Answer: Some of the main challenges on the way of magnetic refrigeration to become commercially feasible are refrigerant magnetic hysteresis, low cooling capacity, finding suitable materials as refrigerant that can be used in room temperature with sufficiently wide operating temperature range. Previous works on magnetic refrigeration technology are based on bulk refrigerants. We discovered and showed that by utilizing nanostructural material as refrigerant the adiabatic temperature change per unit of applied magnetic field is increased and the hysteresis is lessened. Our innovative approach will resolve all these challenges and permit the design and implementation of a commercially viable, sustainable, compressor-free, environmentally friendly magnetic refrigerator system.

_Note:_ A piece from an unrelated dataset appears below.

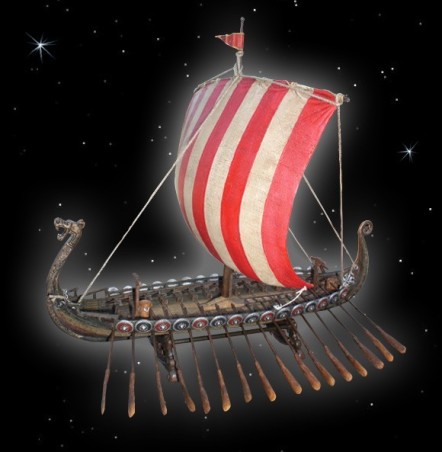 Wikingerschiff mit abnehmbaren Rudern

Question: What are the challenges or limitations associated with this field of research?
Answer: So far, no successful magnetic refrigerator has been built due to the low temperature change of solid bulk refrigerant, and the added burden of hysteresis. We have shown theoretically and supported experimentally that nanomaterials have a higher magnetocaloric effect and less hysteresis compared to their bulk counterpart. As a result the abovementioned challenges can be solved by utilizing appropriate magnetic nanoparticles as the refrigerant to pave the way for this technology to become commercially available.
Question: What successes or milestones have you reached thus far in this research?
Answer: We have shown theoretically that nanomaterials have a higher magnetocaloric effect and less hysteresis compared to their bulk counterpart. Our theoretical work was validated experimentally by synthesis and characterization of a few magnetic nanoparticles. We have shown the correlation between the size, shape, and morphology of magnetic nanoparticles to their magnetic and magnetocaloric properties. More research needs to be done to find the most suitable magnetic nanoparticles with the desired properties to be used as refrigerant.
Question: Are you collaborating with anyone else?
Answer: The Center for Functional Nanomaterials at the Brookhaven National Laboratory of the Department of Energy have agreed to join and collaborate with our group in synthesizing suitable nanomaterials that can be used as refrigerant in magnetic refrigerators.
Question: Who are your research sponsors?
Answer: General Electric (GE) and the Department of Energy have supported our research.